Ich habe dieses Foto in der Erinnerung bewahrt, und im Juli dieses Jahres habe ich das Kloster Sershül erneut besucht. Die Gebetshalle, der Stupa, sowie die lange Reihe von Gebetsmühlen sahen genauso aus wie auf den Fotos. Der einzige Unterschied bestand darin, dass die vielen geisterhaften Soldaten, die auf den Fotos zu sehen waren, nicht da waren, als ich wieder kam; und dies gab mir ein Gefühl von Zufriedenheit. Wir hielten uns hier für eine kleine Weile auf. Das Fahrzeug, das uns in Yushu gefolgt war, war verschwunden, vermutlich weil dies das Grenzgebiet zwischen den beiden Provinzen ist, was bedeutete, dass das Polizeiauto aus Sichuan einfach noch nicht eingetroffen war, sodass wir für eine kurze Zeit frei atmen konnten.

Auf diese Weise erfuhr ich auch, dass die Mönche des Klosters Sershül in diesem Sommer eine Aktion zum Schutz ihrer Muttersprache gestartet hatten. Es ging hauptsächlich darum, in die umliegenden Läden und Restaurants zu gehen und Schachteln zu verteilen mit der Forderung an die Tibeter, entweder reines Tibetisch oder reines Mandarin zu sprechen; es war ihnen nicht erlaubt, die beiden Sprachen zu vermischen, und jeder der eine Mischsprache spreche, sollte zur Bestrafung Geld in diese Schachtel stecken.

Ich hörte, dass der Einfluss dieser Aktion gewaltig war, sich auch auf andere Regionen erstreckte; sogar bis zu einem Punkt, dass die lokalen Behörden einige Leute schickten, um die Schachteln mit dem Geld zu konfiszieren. und dann drohte sie damit, dass sie die buddhistische Schule des Klosters schließen würden. Der Vater des Abtes war in jungen Jahren ursprünglich Mönch geworden, wurde aber in den 1950ern gezwungen, den Mönchsstand zu verlassen; er gründete eine Familie und hatte Kinder. Nach der Kulturrevolution kehrte er ins Kloster zurück und wurde ein tugendhafter und angesehener Lama. Er war immer bei guter Gesundheit, aber als die buddhistische Schule mit diesem Schicksal konfrontiert wurde, wurde er plötzlich krank und verstarb kurz darauf. Unter dem Druck zahlreicher protestierender Gläubigen hatten die lokalen Behörden keine andere Wahl, als von ihren Plänen abzulassen. Die Menschen sagten dann, dies käme daher, dass der Rinpoche mit seinem eigenen Körper der schlechten Handlungsweise Einhalt geboten habe: eine Tat von furchtlosem Dāna, der höchsten Form von Dāna [Gabe].

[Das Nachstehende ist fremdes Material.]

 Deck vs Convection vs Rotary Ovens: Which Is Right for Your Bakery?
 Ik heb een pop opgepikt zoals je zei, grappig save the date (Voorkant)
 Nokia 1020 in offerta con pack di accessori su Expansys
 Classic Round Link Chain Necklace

Es ist genauso wie ich in den ersten Worten meiner Geschichte über das Kloster Sershül geschrieben habe: „Es gibt viele Dinge, von denen nur wenige Menschen wissen. Es gibt auch viele Tatsachen, die nur wenige Menschen verstehen“. Ich will einmal von den Protestaktionen 2008, die in vielen Gebieten in ganz Tibet ausgebrochen sind, absehen; wäre ich nicht selbst hierher gereist und hätte es durch die Geschichten des Abts erfahren, hätte ich nie mitbekommen, dass die Mönche des Klosters Sershül für die tibetische Sprache kämpfen.

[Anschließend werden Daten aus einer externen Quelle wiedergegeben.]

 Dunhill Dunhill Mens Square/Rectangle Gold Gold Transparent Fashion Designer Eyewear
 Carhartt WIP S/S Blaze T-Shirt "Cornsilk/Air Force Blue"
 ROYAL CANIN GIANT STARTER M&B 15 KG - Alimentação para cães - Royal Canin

Ich erfuhr auch, dass die Person, die ich in meiner Geschichte so beschrieb – „Während des tibetischen Jahrs der Erdmaus [2008], zu Beginn des Herbstes, hörte ich von einem Rinpoche vom Kloster Sershül, genannt Thupten Nyandak, der unter Hausarrest gestellt wurde, weil er öffentlich Angelegenheiten ansprach, die die lokalen Behörden nicht hören wollten“ – tatsächlich der Abt war. Was ich noch hinzufügen muß, ist, dass er zu der Zeit bei einem eigens angesetzten Treffen der lokalen Behörden mit hochrangigen Mönchen beinahe dafür bestraft wurde, zu unverblümt seine Kritikpunkte vorgebracht zu haben.